- Episode no.: Season 2 Episode 5
- Directed by: Lesli Glatter
- Written by: Joy Blake and Melissa Blake
- Production code: 205
- Original air date: October 22, 2007

Guest appearances
- Jimmy Jean-Louis as the Haitian; Alan Blumenfeld as Maury Parkman; Holt McCallany as Ricky; Eriko as Yaeko; Lisa Lackey as Janice Parkman; Katie Carr as Caitlin; Jeanette Brox as Camille; Adair Tishler as Molly Walker; Nichelle Nichols as Nana Dawson; Stephen Tobolowsky as Bob Bishop; Dominic Keating as Will; Adetokumboh McCormack as Tuko;

Episode chronology
| ← Previous "The Kindness of Strangers" | Next → "The Line" |
- Heroes season 2

= Fight or Flight (Heroes) =

"Fight or Flight" is the fifth episode of the second season of the NBC superhero drama series Heroes. It aired on October 22, 2007. This episode marks the first appearance of Elle, played by Kristen Bell, credited as a series regular. David Anders (Takezo Kensei) is also credited as a series regular from this episode.

==Plot==
As Peter Petrelli settles into his new life with Caitlin, a young woman named Elle – soon revealed to possess the ability to conjure electricity – searches for him at the Cork docks.

Will directs her to the Wandering Rocks Pub. Ricky gets wind of Elle's search and sends Peter to stay at Caitlin's flat, rejecting his offer to deal with Elle on his own.

While at Caitlin's, Peter decides to open the box, and finds (among other items) his passport, a plane ticket from New York City to Montreal, and a photo of himself and Nathan (whom he doesn't recognize).

While frustrated about the lack of useful information in the box, Peter accidentally taps into his precognitive ability and paints a picture, befuddling Caitlin in the process.

The final picture shows Peter and Caitlin outside what looks like to be the Notre-Dame Basilica in Montreal. At the same time, Elle visits the Wandering Rocks Pub and meets Ricky, who lies about seeing Peter. Elle uses her ability to weld the doors closed and electrocutes Ricky, leaving his horrifically charred corpse behind.

Later, she receives a phone call from a man she identifies as “Daddy”. For killing Ricky, she is ordered to halt her assignment of finding Peter and return to the Company headquarters.

Peter and Caitlin are summoned to the Pub. Caitlin is distraught by her brother's death and is not comforted when Peter confesses that Ricky's killer was there looking for him. The episode ends on his ominous statement, "I can't hide anymore. I can't hide."

Monica Dawson is questioned by the police concerning the attempted robbery (from "The Kindness of Strangers"). She refuses to identify the assailant, a local hoodlum, for fear of retribution.

Later, she is speaking to Micah Sanders at the Dawson home and unconsciously mimics his piano skills. Micah figures out that she has an ability and confesses his own to her. Using a 9th Wonders! comic book as an example, he theorizes that Monica possesses muscle mimicry, which is the ability to mimic any physical action she sees.

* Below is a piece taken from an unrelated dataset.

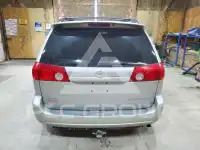 2010 Toyota SIENNA фото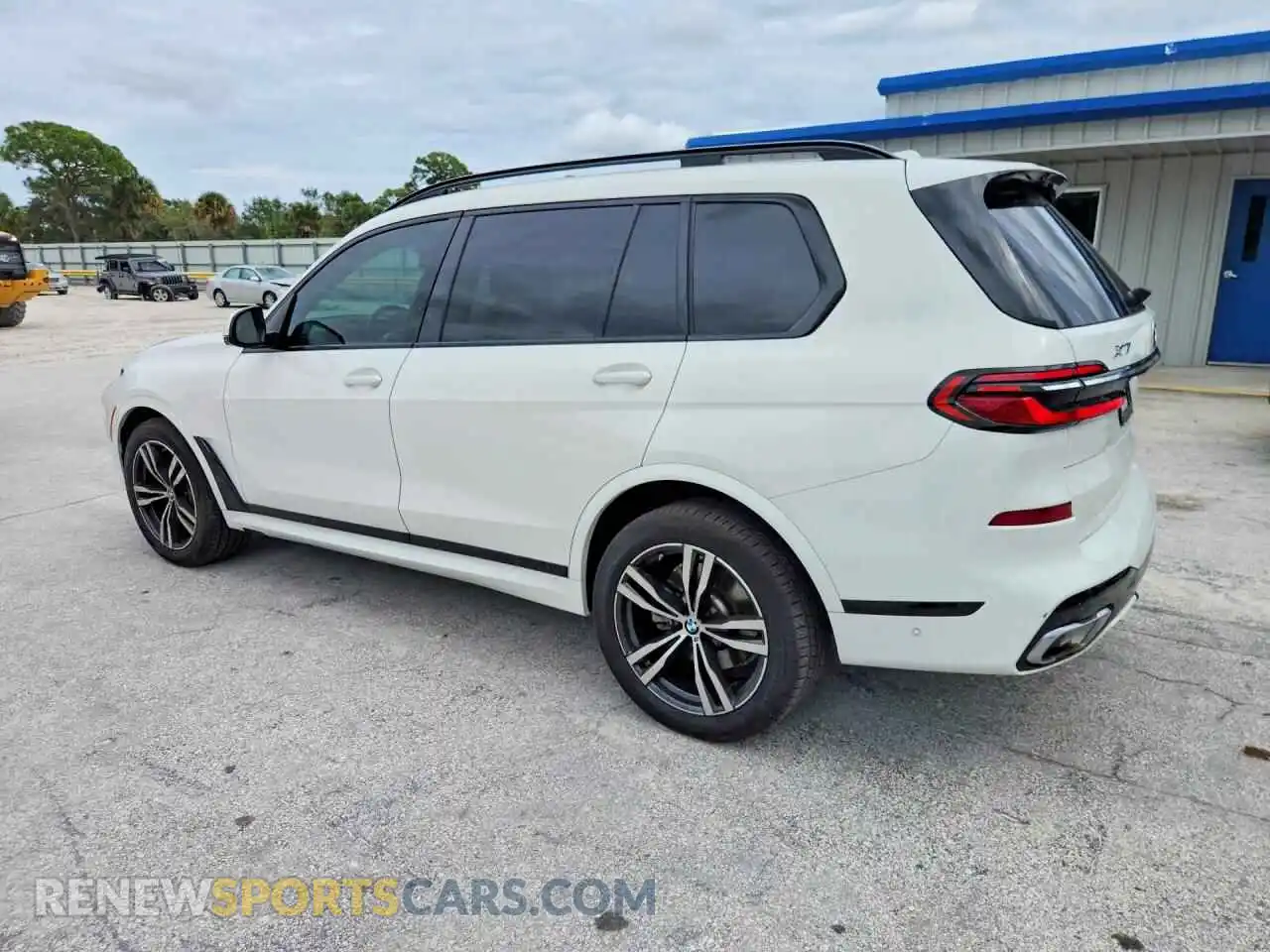 2 Photograph of a damaged car 5UX23EM00P9M76096 BMW X7 2023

Together, the two test her ability's limits; she copies a complicated jump rope routine and martial arts moves from Dragon: The Bruce Lee Story but is interrupted by Dr. Mohinder Suresh.

Matt Parkman recruits Nathan Petrelli on his mission to find Maury Parkman, his father, and help Molly. The two find Maury in his apartment in Philadelphia, and discover that he possesses a powerful form of telepathy. Maury has also received the same death threat as Kaito Nakamura and Angela Petrelli.

Under the pretense of getting something for Matt, Maury traps him, and Nathan who follows them, in mental illusions while he escapes. In Matt's illusion, he is trapped in a prison cell where a vision of his ex-wife, Janice, appears holding a baby and claiming that Matt walked out on her and her son, threatening he'll eventually do the same to Molly. He is assaulted by a prison guard when he tries to leave the cell after Janice.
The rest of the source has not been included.